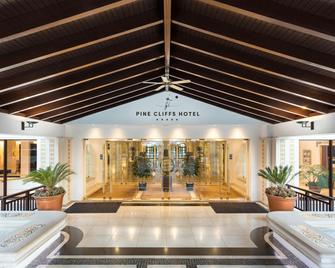 Pine Cliffs Hotel, a Luxury Collection Resort, Algarve - אלבופרה - לובי
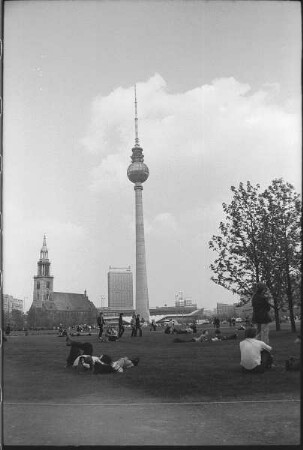 Am Marx-Engels-Forum, im Hintergrund die Marienkirche und Fernsehturm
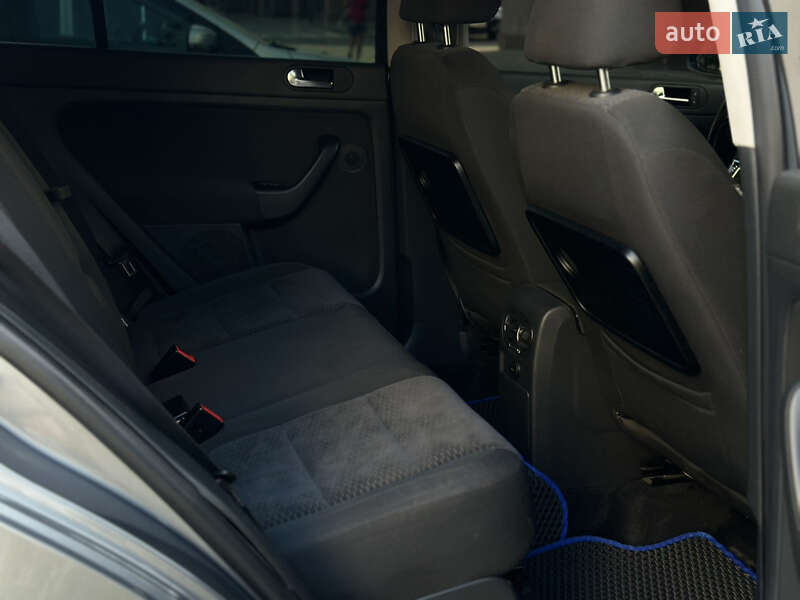 Хетчбек Volkswagen Golf Plus 2009 в Івано-Франківську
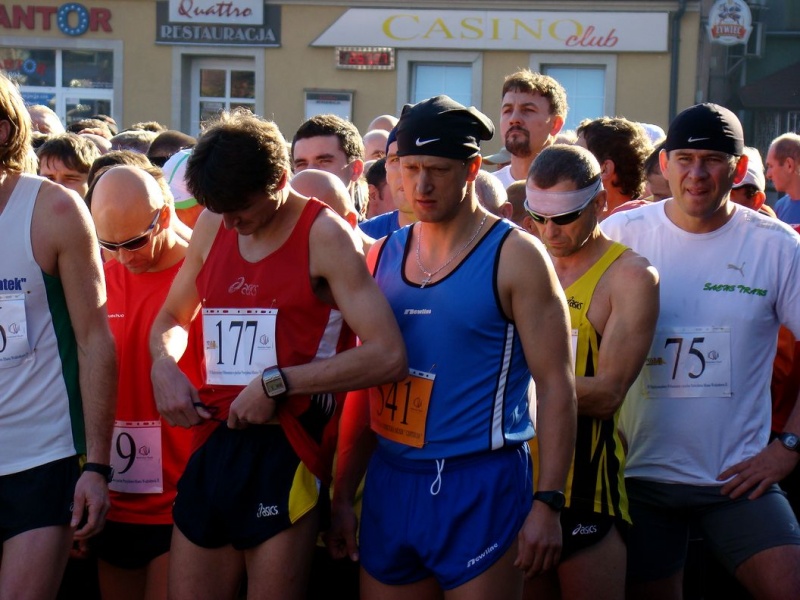 Zdjęcie w galerii na portalu naszwodzislaw.com: 288 osób pobiegło w PÓŁMARATONIE wiadomości z regionu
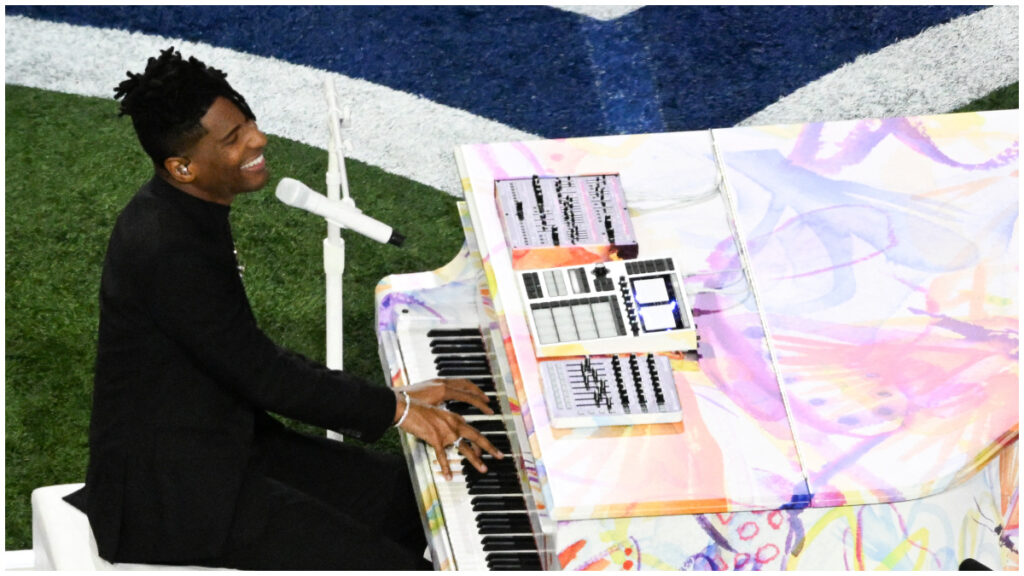 Chiefs vs Eagles: así fue la interpretación de Jon Batiste en el Super Bowl 2025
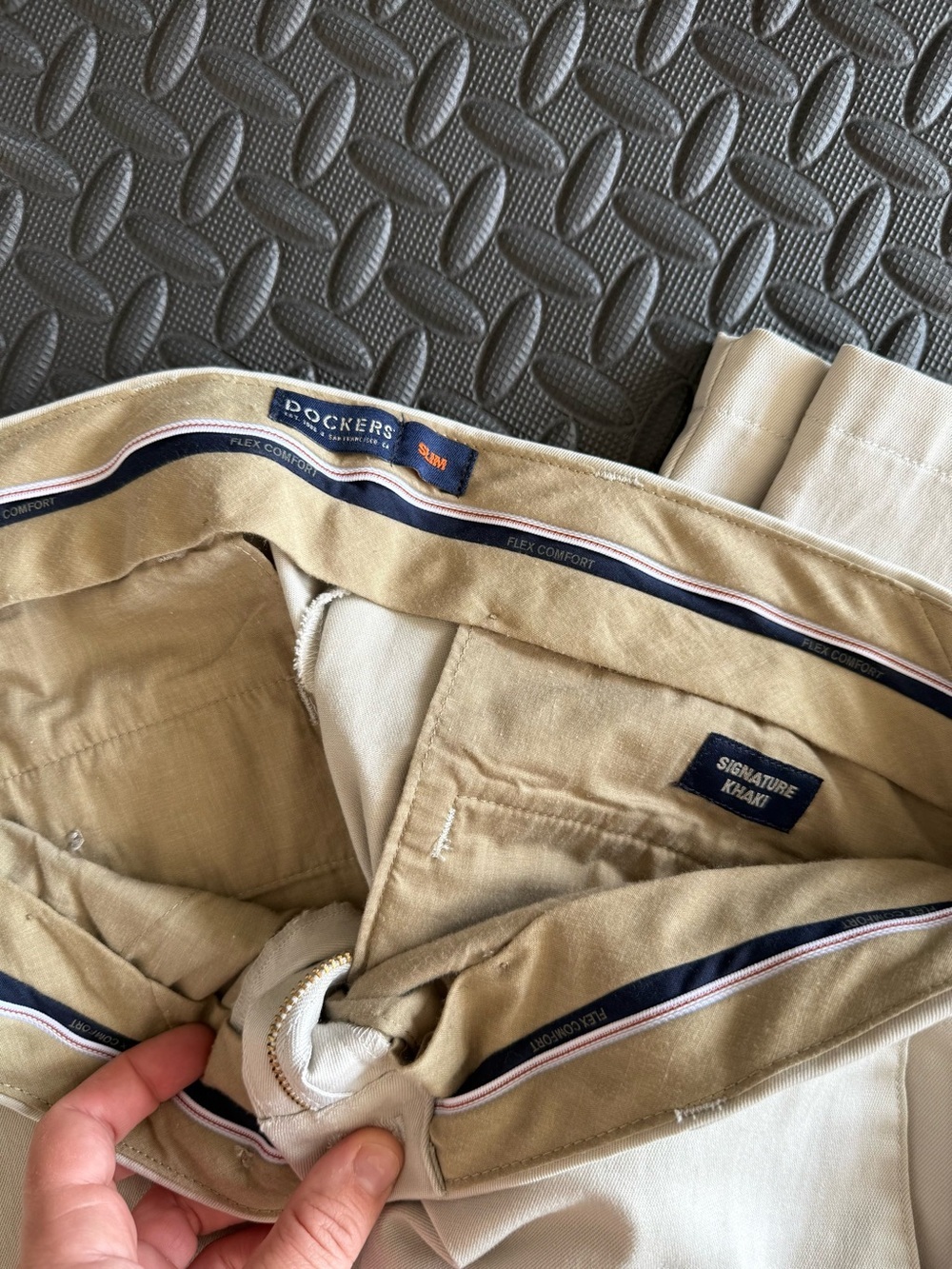 Dockers Men's Light Beige Chinos - Picture 2 of 3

________

EXERCISE GOAL:
Where a picture appears, omit it, and otherwise retype the material exactly.

SOLUTION TO THIS EXERCISE:
 Pine Cliffs Hotel, a Luxury Collection Resort, Algarve - אלבופרה - לובי
 Am Marx-Engels-Forum, im Hintergrund die Marienkirche und Fernsehturm
 Хетчбек Volkswagen Golf Plus 2009 в Івано-Франківську
 Zdjęcie w galerii na portalu naszwodzislaw.com: 288 osób pobiegło w PÓŁMARATONIE wiadomości z regionu
 Chiefs vs Eagles: así fue la interpretación de Jon Batiste en el Super Bowl 2025
 Dockers Men's Light Beige Chinos - Picture 2 of 3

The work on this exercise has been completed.